All in all it was a stinking mess, and by the time Corbyn quit I was relieved and so, so ready for him to go.  I don’t particularly like Starmer, the new Labour leader.  My partner printed out the voting records of all the leading Labour candidates during the internal election, and highlighted all the places where Starmer’s voting record seemed less than glowing to both our ideologies.  But he can at least hold a room, retain facts and figures, hold the government to account in a clear, public manner – and has accepted the findings of the independent commission into the Labour Party, which clearly describe institutional discrimination and anti-semitism.  Corbyn has rejected it, and as I write this social media is raging with shouting voices all trying to drown each other out, the left once again tearing itself apart.

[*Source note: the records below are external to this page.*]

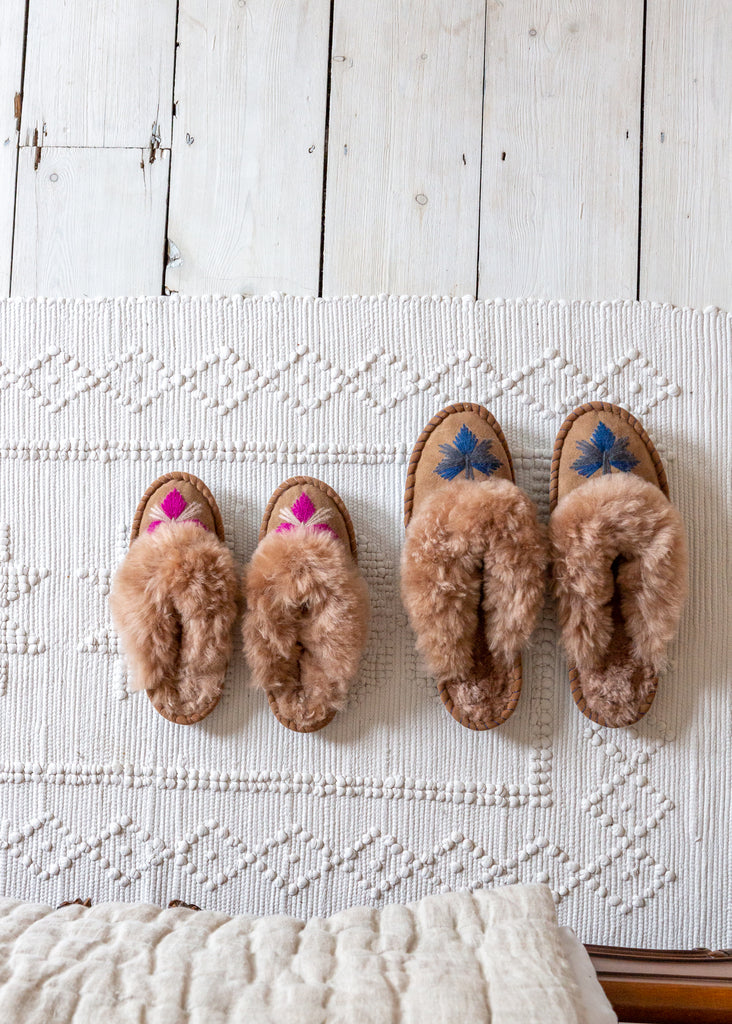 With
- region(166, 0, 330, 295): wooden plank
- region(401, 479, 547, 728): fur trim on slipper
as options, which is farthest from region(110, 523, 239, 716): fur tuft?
region(166, 0, 330, 295): wooden plank

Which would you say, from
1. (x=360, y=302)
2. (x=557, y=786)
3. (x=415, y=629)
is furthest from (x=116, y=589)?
(x=557, y=786)

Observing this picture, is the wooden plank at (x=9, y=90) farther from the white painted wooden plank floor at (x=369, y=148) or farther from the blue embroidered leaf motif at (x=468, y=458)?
the blue embroidered leaf motif at (x=468, y=458)

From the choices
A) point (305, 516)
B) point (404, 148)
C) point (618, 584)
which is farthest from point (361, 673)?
point (404, 148)

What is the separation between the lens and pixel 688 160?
0.97 meters

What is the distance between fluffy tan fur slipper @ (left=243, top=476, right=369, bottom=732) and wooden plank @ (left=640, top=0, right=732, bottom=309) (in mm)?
525

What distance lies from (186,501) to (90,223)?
43 centimetres

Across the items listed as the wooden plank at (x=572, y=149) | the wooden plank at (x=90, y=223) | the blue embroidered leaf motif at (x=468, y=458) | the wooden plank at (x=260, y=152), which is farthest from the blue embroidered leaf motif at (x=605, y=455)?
the wooden plank at (x=90, y=223)

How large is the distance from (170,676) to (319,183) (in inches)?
26.5

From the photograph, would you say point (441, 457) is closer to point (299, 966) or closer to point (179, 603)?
point (179, 603)

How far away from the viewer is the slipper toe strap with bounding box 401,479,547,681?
837mm

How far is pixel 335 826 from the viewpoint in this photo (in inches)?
36.1

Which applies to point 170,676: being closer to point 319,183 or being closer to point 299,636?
point 299,636

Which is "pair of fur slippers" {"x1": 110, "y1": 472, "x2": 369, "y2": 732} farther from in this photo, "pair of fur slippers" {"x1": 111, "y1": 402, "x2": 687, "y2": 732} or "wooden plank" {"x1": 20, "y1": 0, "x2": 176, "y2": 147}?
"wooden plank" {"x1": 20, "y1": 0, "x2": 176, "y2": 147}

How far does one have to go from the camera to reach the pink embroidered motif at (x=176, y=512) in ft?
2.94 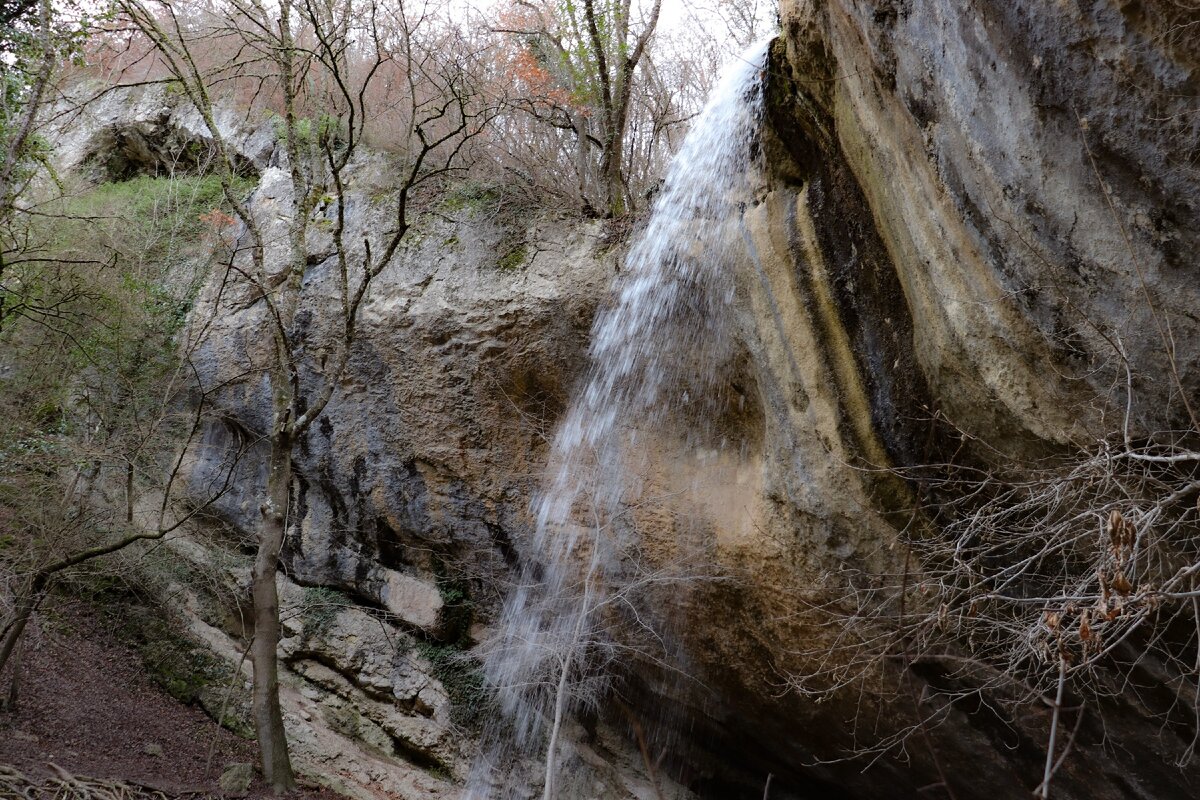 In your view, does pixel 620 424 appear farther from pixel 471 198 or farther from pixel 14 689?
pixel 14 689

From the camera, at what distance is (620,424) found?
8461 mm

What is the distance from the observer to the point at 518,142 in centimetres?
1154

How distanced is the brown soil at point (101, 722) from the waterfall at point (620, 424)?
2.22 metres

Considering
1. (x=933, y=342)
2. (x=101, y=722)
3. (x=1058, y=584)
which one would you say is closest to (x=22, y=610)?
(x=101, y=722)

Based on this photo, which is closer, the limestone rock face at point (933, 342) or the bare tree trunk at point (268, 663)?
the limestone rock face at point (933, 342)

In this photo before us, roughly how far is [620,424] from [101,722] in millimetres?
5651

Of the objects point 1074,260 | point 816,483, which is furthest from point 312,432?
point 1074,260

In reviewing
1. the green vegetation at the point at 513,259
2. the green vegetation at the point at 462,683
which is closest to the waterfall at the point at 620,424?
the green vegetation at the point at 462,683

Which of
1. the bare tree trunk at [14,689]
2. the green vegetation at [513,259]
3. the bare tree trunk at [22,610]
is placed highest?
the green vegetation at [513,259]

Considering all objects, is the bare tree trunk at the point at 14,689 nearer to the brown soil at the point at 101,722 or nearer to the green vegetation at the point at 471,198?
the brown soil at the point at 101,722

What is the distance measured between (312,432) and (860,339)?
668cm

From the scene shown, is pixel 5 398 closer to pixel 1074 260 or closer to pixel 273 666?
pixel 273 666

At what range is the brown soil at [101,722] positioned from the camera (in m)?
6.78

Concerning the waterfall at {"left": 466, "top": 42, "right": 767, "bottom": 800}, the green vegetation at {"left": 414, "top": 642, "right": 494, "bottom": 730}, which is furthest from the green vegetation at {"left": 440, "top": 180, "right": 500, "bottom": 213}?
the green vegetation at {"left": 414, "top": 642, "right": 494, "bottom": 730} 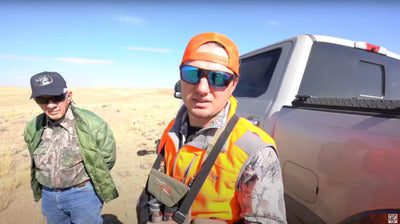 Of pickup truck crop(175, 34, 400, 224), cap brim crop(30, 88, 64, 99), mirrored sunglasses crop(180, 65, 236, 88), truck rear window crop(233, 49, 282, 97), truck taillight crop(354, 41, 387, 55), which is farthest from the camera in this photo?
truck rear window crop(233, 49, 282, 97)

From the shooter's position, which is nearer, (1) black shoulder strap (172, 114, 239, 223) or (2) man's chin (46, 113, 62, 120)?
(1) black shoulder strap (172, 114, 239, 223)

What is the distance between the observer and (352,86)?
2623mm

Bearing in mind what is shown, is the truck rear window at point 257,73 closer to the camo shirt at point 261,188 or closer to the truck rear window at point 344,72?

And I am tired.  I am sad and disappointed.  After the Brexit referendum, I started volunteering more for the Greens, and have stuck with it on the basis that the cause is worth it, even if the fight is hard.  But as every year brought more political acts from the Conservatives that made me curl up inside, as Labour floundered and flapped and the dividing lines in this country grow harder, more bitter, more entrenched in the same cruel absolutism that made my Gran cry, it gets harder.  We don’t have time to scream at each other.  And we don’t have time to pretend that things we don’t like, aren’t real.  I want to.  I have done.  It is a very human instinct.  But reality, as they say, bites.


There are many reasons I’m a Green volunteer.  One of the biggest still remains this: that climate change is a species-defining problem, and if reality bites hard now, it’s gonna bite us all even harder soon.  It’s just hard, sometimes, to remember and be ok with that.